* [SOURCE DATA]
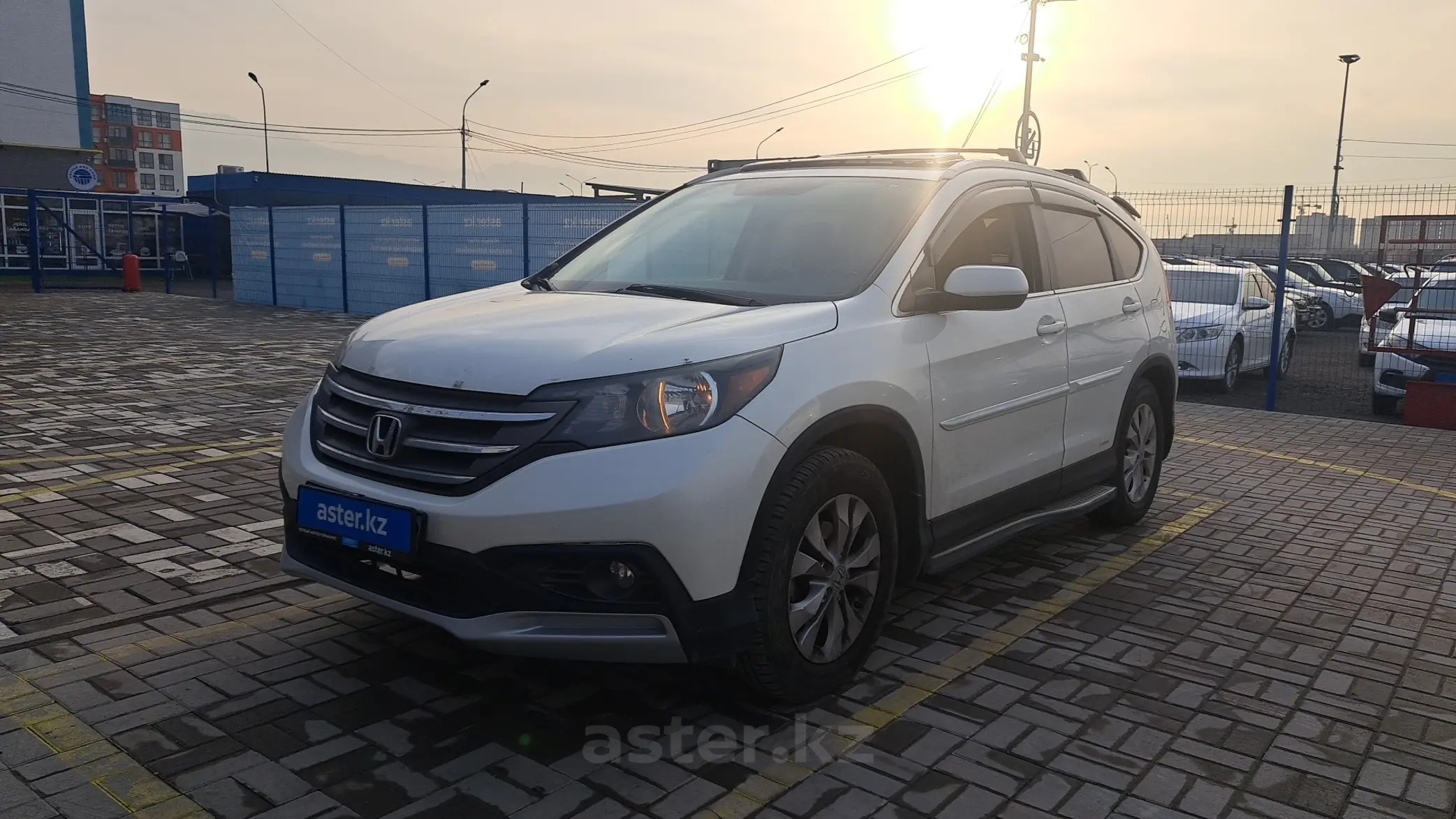 Honda CR-V 2013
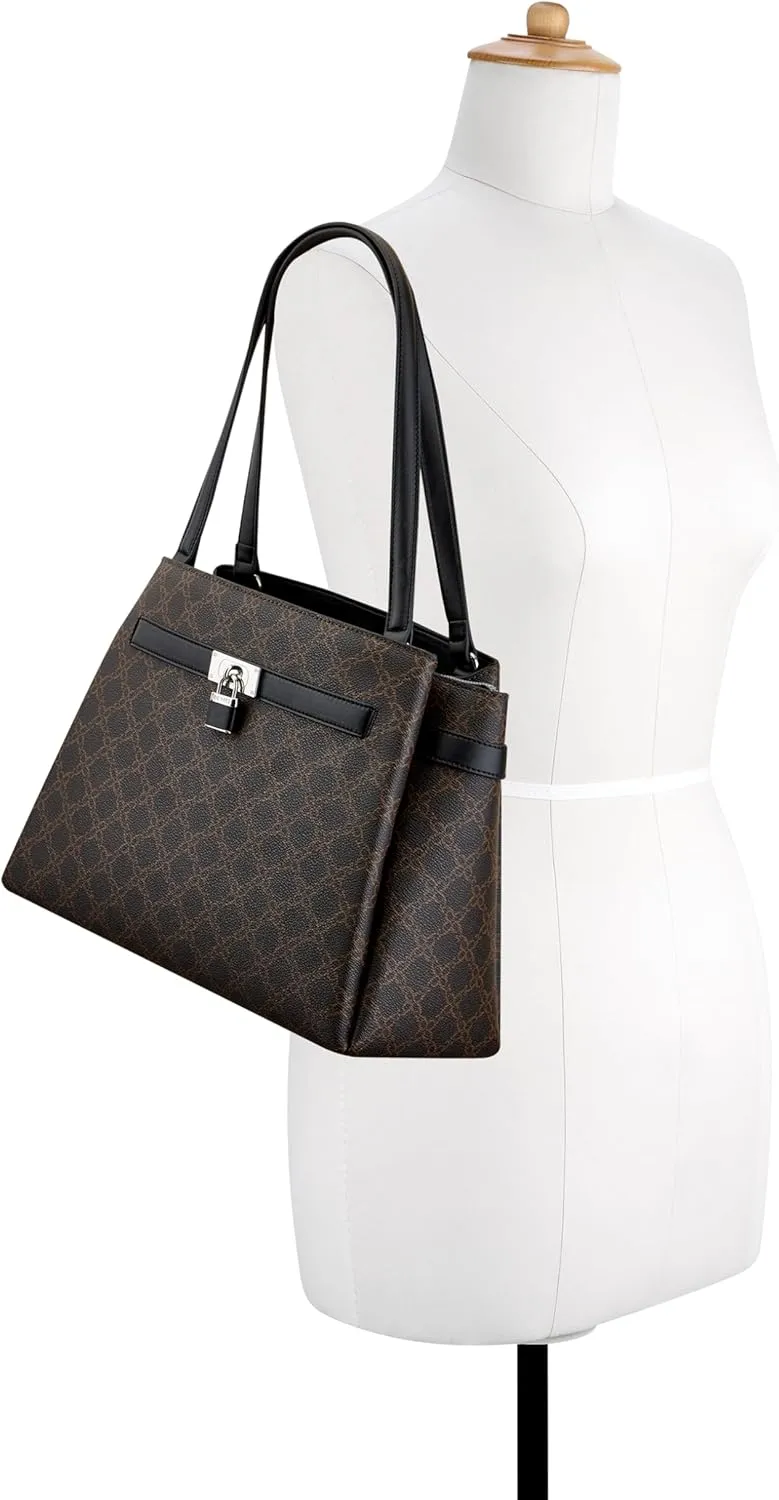 Nine West Josey 3 Comp Carryall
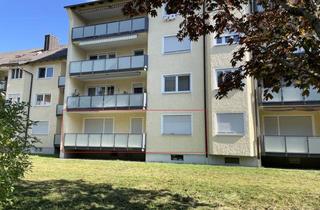 Wohnung kaufen in 84030 Ergolding, Attraktive 3-Zimmer-Wohnung mit guter Raumaufteilung und Garage in Ergolding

* [ASSIGNED TASK] This task calls for the listing to be restated exactly, with images omitted.

* [RESPONSE BELOW]
 Honda CR-V 2013
 Nine West Josey 3 Comp Carryall
 Wohnung kaufen in 84030 Ergolding, Attraktive 3-Zimmer-Wohnung mit guter Raumaufteilung und Garage in Ergolding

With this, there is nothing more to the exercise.